Wget

A versatile tool for downloading web resources and files.

The following combines elements of Ian Milligan’s tutorial at The Programming Historian, as well as Kellen Kurschinski’s.

Introduction

Wget is a program for downloading materials from the web. It is extremely powerful: if we do it wrong we can look like an attacker, or worse, download the entire internet! We use this program on the command line. We will cover some of the basics, and then we will create a little program that uses wget to download materials from Library and Archives Canada.

In what follows, push yourself until you get stuck. I’m not interested in how far you get, but rather in how you document what you are able to do, how you look for help, how you reach out to others - or how you help others over the bumps. I know also that you all have lots of other claims on your time. Reading through all of this and making notes on what you do/don’t understand is fine too.

Installation

Mac Users You will need a tool called ‘homebrew’ to obtain wget. Homebrew is a ‘package manager’, or a utility that retrieves software from a single, ‘official’ (as it were) source. To install home brew, copy the command below and enter it at your terminal:

$ /usr/bin/ruby -e "$(curl -fsSL https://raw.githubusercontent.com/Homebrew/install/master/install)"

Then, make sure everything is set up correctly with brew, enter: $ brew doctor

Assuming all has gone well, get wget: $ brew install wget

Then test that it installed: $ wget If it has installed, you’ll get the message -> missing URL.. If it hasn’t you’ll see -> command not found.

Windows Go to this website and right-click, ‘save target as’ the file for the 32-bit version 1.20.3 EXE file.

this file

Move this file out of your Downloads folder into your c:\Windows\System32 directory. That way, when you type wget at the command prompt, Windows will find it.

Basic Usage

Wget expects you to enter the URL to a webpage or some other online file. How do websites organize things? Milligan writes:

Let’s take an example dataset. Say you wanted to download all of the papers hosted on the website ActiveHistory.ca. They are all located at: http://activehistory.ca/papers/; in the sense that they are all contained within the /papers/ directory: for example, the 9th paper published on the website is http://activehistory.ca/papers/historypaper-9/. Think of this structure in the same way as directories on your own computer: if you have a folder labeled /History/, it likely contains several files within it. The same structure holds true for websites, and we are using this logic to tell our computer what files we want to download.

So let’s try to do that. At the command prompt or terminal, let’s make a new directory to do our work in:

$ mkdir wget-activehistory
$ cd wget-activehistory

and let’s grab the index page from the papers directory:

$ wget http://activehistory.ca/papers/

ta da! Look around in that directory, see what got downloaded.

! Trouble ! Windows users, if you get a ‘command not found error’, it’s because Windows doesn’t recognize where you’ve put the wget.exe program. There are a variety of ways of solving this, but perhaps - for now - the easiest way to fix this is to move the wget.exe file into the folder you are working with, and then remembering to add .exe to any wget command.

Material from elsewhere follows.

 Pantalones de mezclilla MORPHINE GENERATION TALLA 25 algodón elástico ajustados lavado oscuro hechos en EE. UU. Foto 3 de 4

But that was only one file. We’re going to add some more flags to the command to tell wget to recursively follow links (using the -r flag) in that folder but to only follow the links that lead to destinations within the folder (using the -np meaning ‘no parent’). Otherwise we could end up grabbing materials five steps away from this site! (If we did want materials outside of where we started, we’d use the -l flag, ‘links’). Finally, we don’t want to be attacking the site demanding gimme gimme gimme materials. We use the -w flag to wait between requests, and to --limit-rate=20k to narrow the bandwidth our request requires.

  • -r recursive
  • -np no-parent
  • -l links beyond domain we started in
  • -w wait time between requests to the server
  • --limit-rate= limit the bandwidth for our request (which necessarily slows down how long it’ll take to perform the request)

Altogether, our command now looks like this:

$ wget -r -np -w 2 --limit-rate=20k http://activehistory.ca/papers/

Give that a try!

Using wget with a list of urls

Let us assume that you were very interested in the history of health care in this country. Through the Library and Archives Canada search interface, you’ve found the Laura A. Gamble fonds, a nurse originally from Wakefield Quebec (just north of Ottawa).

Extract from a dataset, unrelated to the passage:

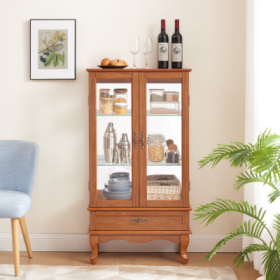 Lighted Glass Cabinet Glass Wine Cabinet Curio Display Cabinet With Adjustable Glass Shelves 2 Doors And 1 Drawer Cabinet Bulb Included OAK (Option: OAK)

You click through, and find the first image of her diary; if you right-click on that image and select view image you find that the file path to the image: http://data2.archives.ca/e/e001/e000000422.jpg.

Now, if Library and Archives Canada had an API for their collection (an ‘application programming interface’, or a set of commands that we could use on our end to deduce and correctly work with the information we want), we could just figure out the urls for each image of the diary in that fonds. But they don’t. Turns out, the urls we want run from …422 to …425 (but try entering other numbers at the end of that URL: you will retrieve who-knows-what!):

  1. In your text editor, create a new file and paste these urls into it; save the file as urls.txt
http://data2.archives.ca/e/e001/e000000422.jpg
http://data2.archives.ca/e/e001/e000000423.jpg
http://data2.archives.ca/e/e001/e000000424.jpg
http://data2.archives.ca/e/e001/e000000425.jpg

Now, we know that we can pass an indivual url to wget and wget will retrieve it; we can also pass urls.txt to wget, and wget will grab every file in turn!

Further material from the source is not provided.